Alea : iya, bi. Hati-hati.

Wanita itu lekas meninggalkan Alea. Kembali masuk ke jalan setapak menuju rumahnya di pinggiran hutan.

Baiklah, sekarang Alea sendiri. Dia tak tau mau naik apa untuk pulang ke rumah orangtuanya.

Alea : ah, telpon Kris.

Idenya cemerlang. lantas dirogohnya saku kemeja dan segera mengusap nama Kris di gawainya.

Namun selang beberapa saat nomor yang dipanggil tak kunjung menjawab dan hal itu tentu membuat Alea stres. Sendirian di tempat asing ini tanpa tau kemana arah jalan.

Akhirnya diapun memutuskan untuk berjalan menyusuri jalan mengikuti nalurinya. Dia tak tau apakah jalan yang diambil mengarah ke kota atau malah sebaliknya, tersesat lebih jauh.

Alea : astaga, Kris. Kau ini kemana aja. Cepat angkat teleponnya.

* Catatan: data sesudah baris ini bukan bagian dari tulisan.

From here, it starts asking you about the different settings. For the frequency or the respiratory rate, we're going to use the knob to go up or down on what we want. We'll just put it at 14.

Kesah Alea dalam kegundahan hatinya. Kakinya terus melangkah. Sedang hari kian menunjukkan perubahannya. Malam segera tiba dan keadaan sekitar pasti dalam kegelapan total.

Ada penyesalan menggerogoti hatinya akan putusannya ini. Namun, apa boleh buat semua telah terjadi.

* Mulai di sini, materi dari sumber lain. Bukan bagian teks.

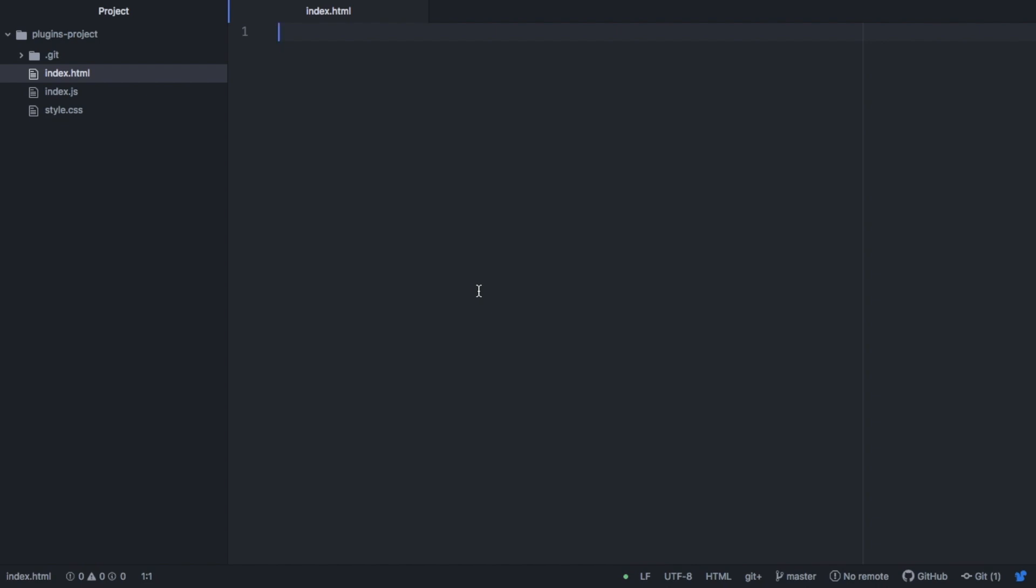Hey guys, so today I'm going to be going over 10 packages in Atom that I use every day and that I think are super useful.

Alea : Tuhan jika aku harus mati saat ini juga, tolong ringankan rasa sakitnya.

Pasrah Alea dalam kondisi menyeramkan seperti ini. Dia tak lagi punya pilihan.

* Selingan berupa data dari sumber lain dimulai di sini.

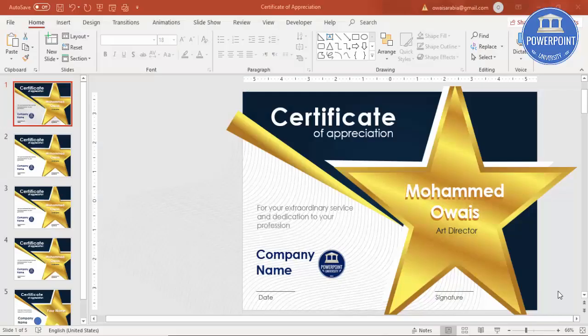Welcome to my YouTube channel PowerPoint University. In this tutorial I'm going to show you how to make a certificate of appreciation or employee of the month certification in PowerPoint. Here you can see I have created one beautiful gold star with a blue background.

Waktu berlalu dan senja benar-benar hilang dibalik rimbunnya pohon tinggi menjulang. Gelap mendominasi.

Rasa takut Alea kian besar. Langkah yang tadi cepat melambat dikarenakan kepasrahan akan keadaanya saat ini.

Suara-suara penghuni hutan bersahutan dari jauh membuat bulu kuduk Alea meremang.

Alea : apa yang harus aku lakukan? Di sini tidak ada pemukiman warga. Kenapa aku tidak menginap saja di rumah bibi tadi.

Kesahnya ketakutan. Dalam kebingungan kakinya malah belok masuk ke dalam hutan. Akibat tekanan rasa takut yang tinggi membuat Alea linglung.

Dia berjalan kedalam hutan tanpa arah tujuan pasti. Keadaan sekitar tampak menyeramkan, kabut yang mengambang ditambah batang besar pohon sekeliling seperti sebuah mimpi buruk.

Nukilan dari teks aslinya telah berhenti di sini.